Closed RussTedrake closed 6 years ago
The mitigation, without waiting for a PR, would be to pass the same arguments to bazel when running it manually that CMake does when running it automatically. Line 108 is actually the place to look to find what that is -- I don't know if CMake is echo'ing that to you, but if you can find the value of BAZEL_COMMAND
then that's your starting point.
I think this would be another use-case for seeing if there's a way to tell Bazel "I don't care, just use whatever flags you had previously", rather than forcing you to remember everything via the command-line.
Perhaps another problem that could be solved with a tools/bazel
wrapper?
Stickyness (hidden state) is an abomination. If we want an easy snippet of what the flags were, then we should have CMake emit an rcfile or wrapper script into its build tree that records what it did. Then if you want to do "Use CMake's cached flags, but with target name other than //:install
", you have a mechanism to do that, which is explicit at the point of invocation.
From memory, you need environment:
CC=${CMAKE_CURRENT_BINARY_DIR}/C_wrapper.sh CXX=${CMAKE_CURRENT_BINARY_DIR}/CXX_wrapper.sh
Options:
--compilation_mode=opt
--config=unsupported_crosstool
--cxxopt=-std=c++14
--host_cxxopt=-std=c++14
We can do some of the with an rc file, though the environment variables may need a wrapper depending on how Bazel processes environment variables passed in an rc file.
Possibly also related, since macOS really only has one compiler anyway, I could see my way to making something analogous to unsupported_crosstool
's behavior the macOS default -- that it uses whatever /usr/bin/
has installed, so that the CMake build doesn't have to override as much, and thus is easier to bounce back and forth.

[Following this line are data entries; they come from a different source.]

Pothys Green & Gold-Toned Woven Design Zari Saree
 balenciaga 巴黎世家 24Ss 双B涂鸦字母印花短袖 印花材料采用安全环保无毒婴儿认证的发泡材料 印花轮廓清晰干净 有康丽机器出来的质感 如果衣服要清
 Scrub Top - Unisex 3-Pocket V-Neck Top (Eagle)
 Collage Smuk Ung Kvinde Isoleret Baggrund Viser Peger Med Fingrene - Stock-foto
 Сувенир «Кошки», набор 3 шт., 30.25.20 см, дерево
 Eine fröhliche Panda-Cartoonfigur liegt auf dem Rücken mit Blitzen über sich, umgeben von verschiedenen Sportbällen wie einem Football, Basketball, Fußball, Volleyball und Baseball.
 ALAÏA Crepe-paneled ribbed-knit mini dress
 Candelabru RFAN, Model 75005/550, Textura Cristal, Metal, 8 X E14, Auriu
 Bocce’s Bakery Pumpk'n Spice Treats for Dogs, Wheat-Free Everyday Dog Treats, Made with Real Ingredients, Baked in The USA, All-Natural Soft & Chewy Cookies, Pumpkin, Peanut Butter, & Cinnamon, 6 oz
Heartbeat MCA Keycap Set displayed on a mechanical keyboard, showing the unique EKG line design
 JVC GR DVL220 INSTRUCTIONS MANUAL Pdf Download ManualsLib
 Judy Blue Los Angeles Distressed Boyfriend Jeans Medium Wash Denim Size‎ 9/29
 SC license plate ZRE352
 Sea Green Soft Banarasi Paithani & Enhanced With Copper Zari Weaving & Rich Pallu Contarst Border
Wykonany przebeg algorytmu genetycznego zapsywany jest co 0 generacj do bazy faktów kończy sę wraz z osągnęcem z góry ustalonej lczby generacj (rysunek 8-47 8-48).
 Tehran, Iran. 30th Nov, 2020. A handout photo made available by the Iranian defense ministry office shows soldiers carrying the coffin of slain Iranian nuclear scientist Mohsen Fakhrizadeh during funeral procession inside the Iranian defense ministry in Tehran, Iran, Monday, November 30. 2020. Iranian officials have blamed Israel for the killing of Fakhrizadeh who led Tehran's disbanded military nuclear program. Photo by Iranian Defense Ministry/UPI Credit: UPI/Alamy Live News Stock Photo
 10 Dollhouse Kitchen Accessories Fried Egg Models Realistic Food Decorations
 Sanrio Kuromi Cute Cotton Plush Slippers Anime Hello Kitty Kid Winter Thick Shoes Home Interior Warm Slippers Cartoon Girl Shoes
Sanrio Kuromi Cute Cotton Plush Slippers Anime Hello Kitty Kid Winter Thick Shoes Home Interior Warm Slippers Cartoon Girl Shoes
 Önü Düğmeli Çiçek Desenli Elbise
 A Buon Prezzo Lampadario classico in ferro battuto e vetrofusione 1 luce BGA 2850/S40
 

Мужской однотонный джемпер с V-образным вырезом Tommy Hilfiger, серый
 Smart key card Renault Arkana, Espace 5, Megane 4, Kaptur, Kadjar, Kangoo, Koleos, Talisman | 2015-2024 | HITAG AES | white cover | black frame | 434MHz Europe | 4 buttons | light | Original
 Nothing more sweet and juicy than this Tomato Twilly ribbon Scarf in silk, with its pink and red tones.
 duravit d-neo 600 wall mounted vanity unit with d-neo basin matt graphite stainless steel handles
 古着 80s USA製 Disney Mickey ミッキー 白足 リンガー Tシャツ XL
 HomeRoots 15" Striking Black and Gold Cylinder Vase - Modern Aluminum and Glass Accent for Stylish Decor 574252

Actually the macOS default uses the results of xcrun
, but I agree with the sentiment.
Looks like you can set the compiler with --action_env=CC=/path/to/compiler
so no wrapper needed. I will PR something shortly that writes an rc file. I just need to make sure Python still works on Mac when using it.
Actually not so sure. I am seeing cc_wrapper.sh instead of CXX_wrapper.sh on some calls.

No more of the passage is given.